Tariq wonders if he has time for the 'you can't see borders from up here' bit, but no. The minaret of the Roman Wall Mosque is coming up on his left.
He leans sideways, fighting the glider...straight ahead...no on his left again...and now Tariq has lost quite a lot of altitude.
The minaret is a lost cause and the dome of the mosque is probably a bad idea. The street in front is already busy with morning traffic and worshipers, but the alley on the side of the building is empty.
Tariq sways back and forth, slaloming like an alpine skier, shedding speed and altitude.
He kicks off the roof of the building next to the mosque – a Vinland Porridge Hut – and slants down toward a wall of whitewashed brick. There he kicks himself vertical, dumps the air out of his glider, and falls ten feet to the pavement. Pigeons and cats scatter, and while he misses the overfull dumpsters standing in the alley. Tariq splashes into the puddle of foul water they have leaked.
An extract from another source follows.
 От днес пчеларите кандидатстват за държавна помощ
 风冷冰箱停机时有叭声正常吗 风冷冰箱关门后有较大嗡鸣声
The drone buzzes into the alley as Tariq straightens, wincing from the pain his his legs as well as the smell.
"I think I managed that a little more elegantly than Ab – "
Tariq's line is interrupted by an old woman shouting around the corner. "You kids get out of there. Little morons. Playing in garbage water."
Tariq straightens the glider across his shoulders and walks out of the alley.
"Aha," says the woman when she sees him. "A big moron."